TASK DETAILS: Leave out the pictures and retype exactly the lines from the one with "Vendo PS2 com" through the end of the records.

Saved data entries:
———

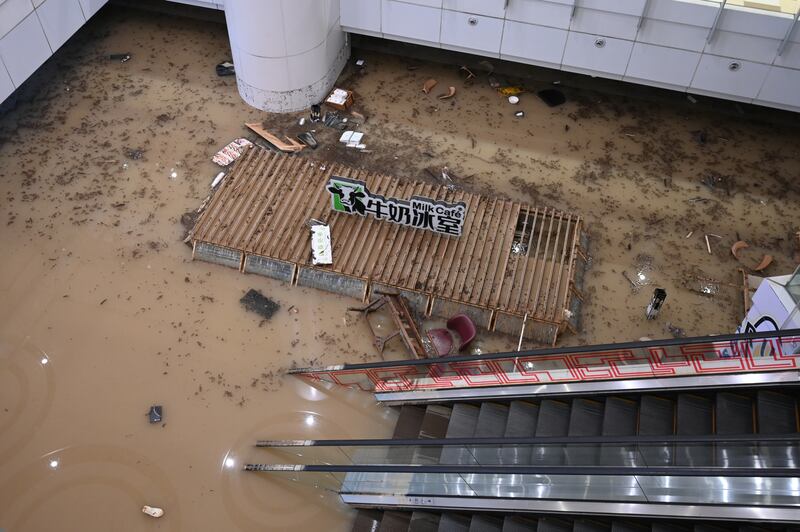 黃大仙中心嚴重水浸，位於商場底層水位高至「牛奶冰室」頂部，整間餐廳被淹沒。（張仕仁攝）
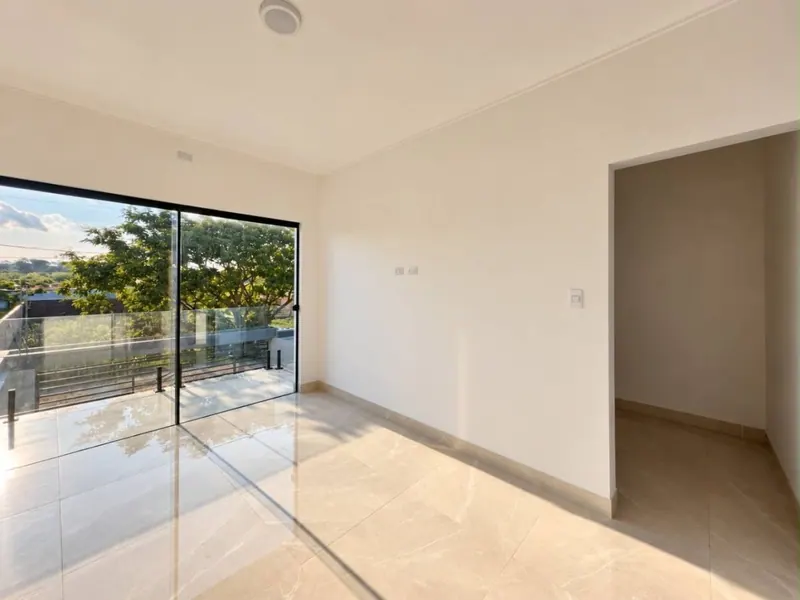 Casa de 3 dormitorios a estrenar en venta en la Zona Norte, Av. Banzer: foto 4 de 8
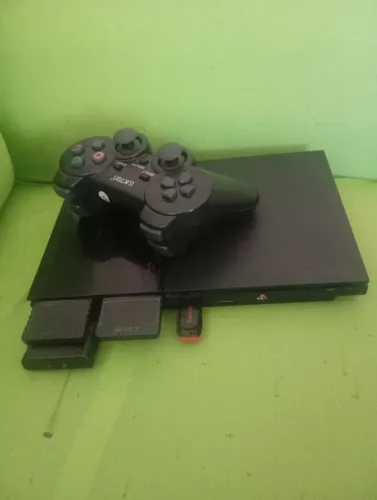 Vendo PS2 com acessórios, está em ótimo estado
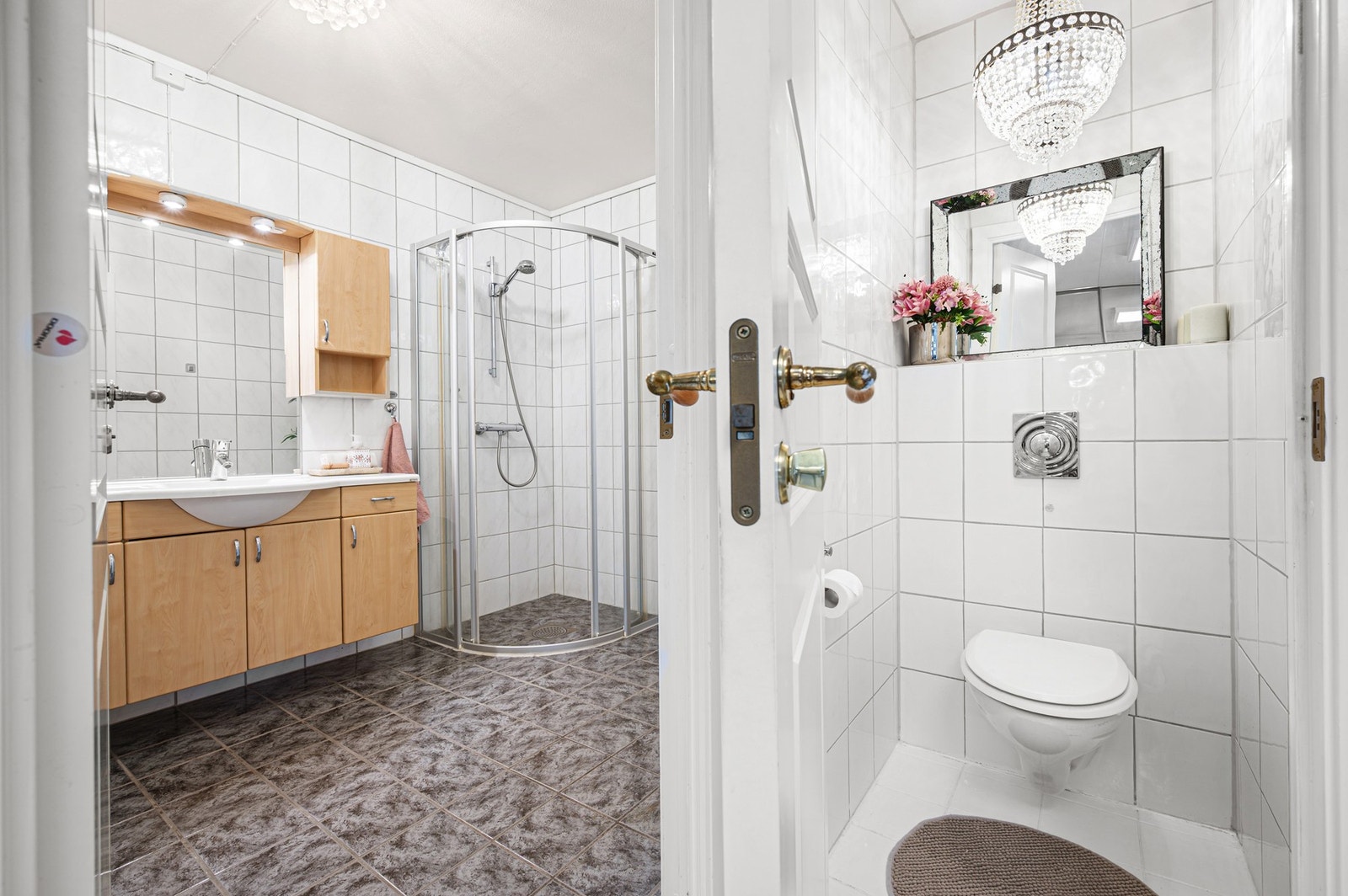 Toalettet med vegghengt toalett ligger praktisk adskilt fra badet - vegg-i-vegg. Galleribilde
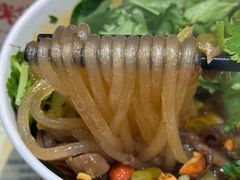 -郎吞虎咽酸辣粉(第一桥店)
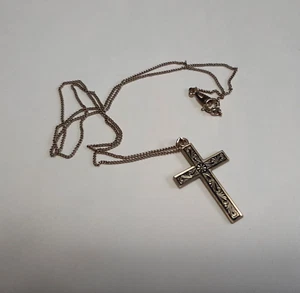 Artistry 12K 18" Yellow Gold Filled Fine Chain + Cross Pendant Pre-Owned - Picture 1 of 6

———

ANSWER TO THIS PROBLEM:
 Vendo PS2 com acessórios, está em ótimo estado
 Toalettet med vegghengt toalett ligger praktisk adskilt fra badet - vegg-i-vegg. Galleribilde
 -郎吞虎咽酸辣粉(第一桥店)
 Artistry 12K 18" Yellow Gold Filled Fine Chain + Cross Pendant Pre-Owned - Picture 1 of 6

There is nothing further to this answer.